Tuesday, March 30, 2010

The gray-haired lady sits alone

It's a middle-schooler's biggest fear: sitting alone in the cafeteria. And today I did it for the first time. It was a little sad, because it reminded me that I have virtually no friends at work. At the age of 60, I am one of the last survivors of a massive age cohort that has all but evaporated into retirement and other (better!) jobs. It reminded me of the wistfulness my parents express when they hear that yet another friend of theirs has died.

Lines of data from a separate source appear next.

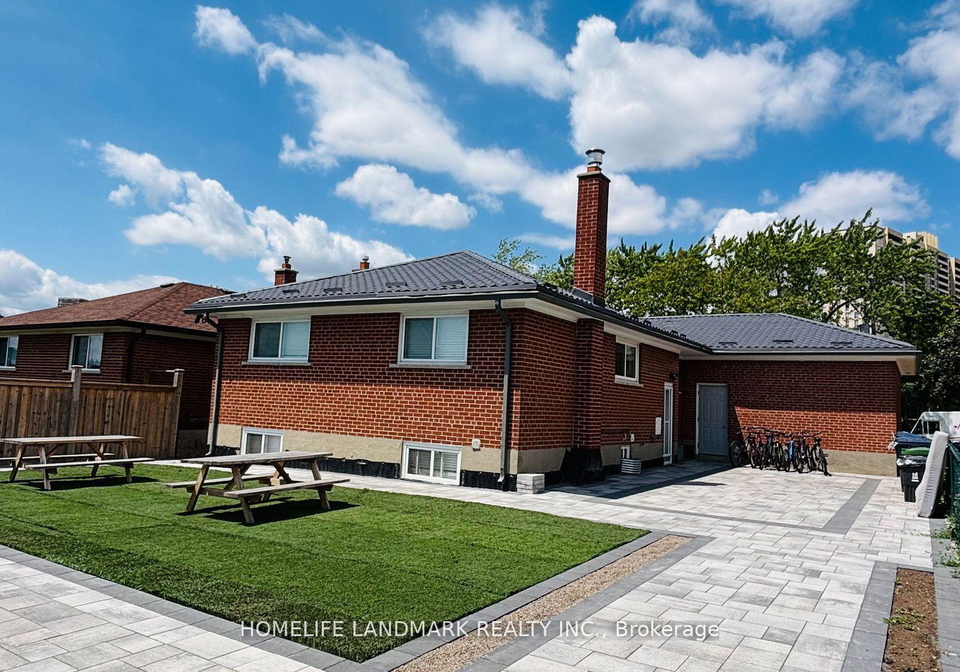 204-derrydown-road-york-ontario-w12929926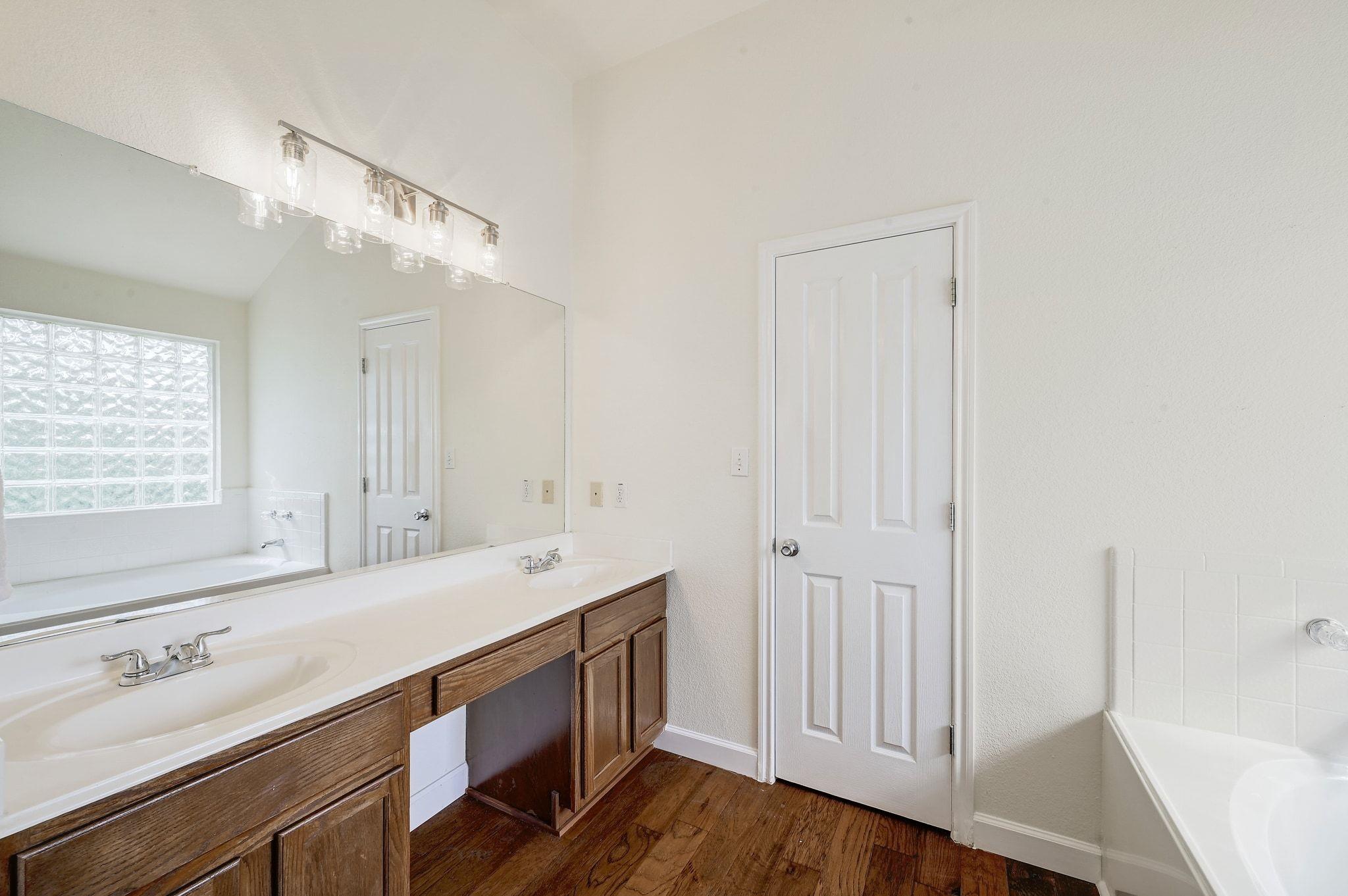 5859 LOMITA VERDE Cir, Austin, TX 78749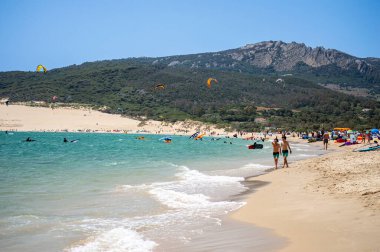 TARIFA, İspanya - 25 Mayıs 2024: Valdevaqueros sahilinde uçurtmanın tadını çıkarmak, Gibraltar Boğazı Tarifa, İspanya 25 Mayıs 2024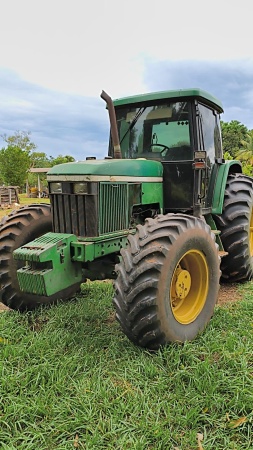 Trator John Deere 7500 ano 2001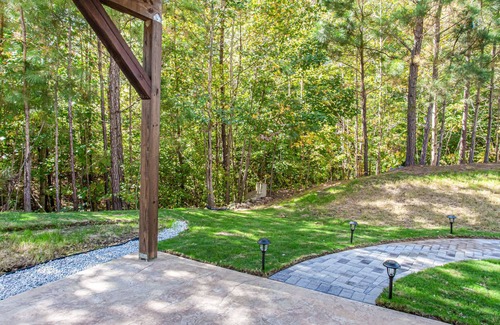 Cliftondale Apartment | Luxury Fairburn Suite with Wooded View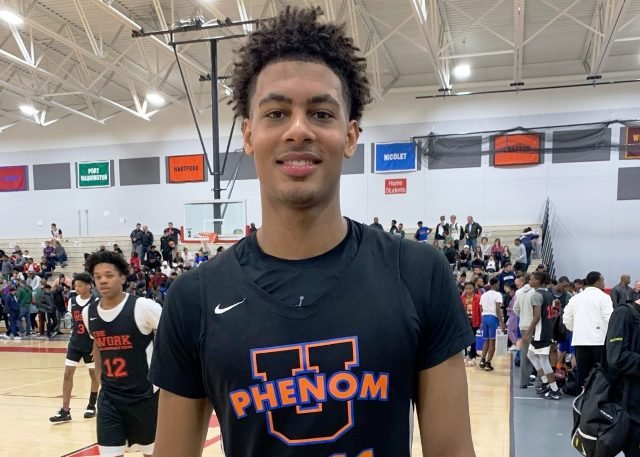 ny2lasports's tweet photo. NY2LA NEWS AND NOTES https://t.co/j5NDNhbDj2 @ny2labasketball @NY2LASPORTSLIVE @ACNY2LA @MidwestHoopsSL @PHILLL414 @ThreatHoops @414BClay @BigSreed #FLORIDA #FSU #DUKE #MISTATE #ARKANSAS #KANSAS #MINNESOTA #PEPPERDINE #UWM #PITT #BUTLER #UCONN #UNC #NCSTATE #KSTATE #CYCLONES ETC. https://t.co/MokPQCniM7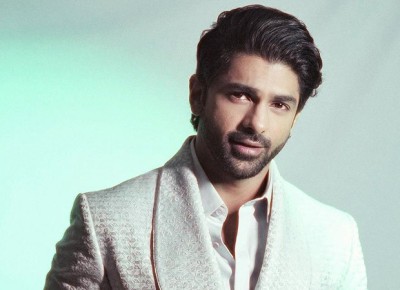 'ހީރާ މަންޑީ'ގެ އެކްޓަރަށް އިތުރު ތިން ފިލްމެއް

My daughter used to beg to stay home rather than face the humiliation of a solitary sitting after she and her best friend had a tiff. Humiliation wasn't in play for me today, and aside from the whiff of melancholy about the way the company has peeled away my work friends, I enjoyed the solitude—especially since I was armed with a really great egg-salad wrap and a free People magazine (I'm a sucker for hard-luck stories about Elizabeth Edwards). And then there was this delightful mention in a review of "The Weed That Strings the Hangman's Bag," by Alan Bradley: "Bradley, who made his debut as a novelist at 73, plans four more Flavia adventures. The first two are utterly beguiling." Hell, I've got a whole lifetime of achievement ahead of me!

4 comments:

Unknown said...

how the patterns repeat themselves. the gray-haired lady sitting alone in the cafeteria feels like a replay of the teenager. you think of your daughter in jhs and i can't help but imagining you as a teenager eating alone at your school cafeteria table because of a tiff or because because you are too smart for that clique.... but no, you are always so inclusive. so it's them that, being teenagers, reject you rather than feeling outclassed. you see how you get my imagination going. and now as then dreaming of the achievements ahead in this mazelike recurring pattern

Mia said...

Giovanna! How delightful to have you stop by! And how delightful it was to be two gray-haired ladies sitting together last night!

Robin Amos Kahn said...

I enjoyed the description of the solitude and the pleasure at having a quiet lunch with some good reading. I love any time I can find when I'm sitting quietly and the egg salad sounded great!

Right now I've been dealing with house guests and although I love them, I am so ready to have more time alone again.

Morgan said...

How I miss splurging on greens at your company cafeteria ... how I wish I can sit together with the two gray-haired beauties for a meal and a chat, soon!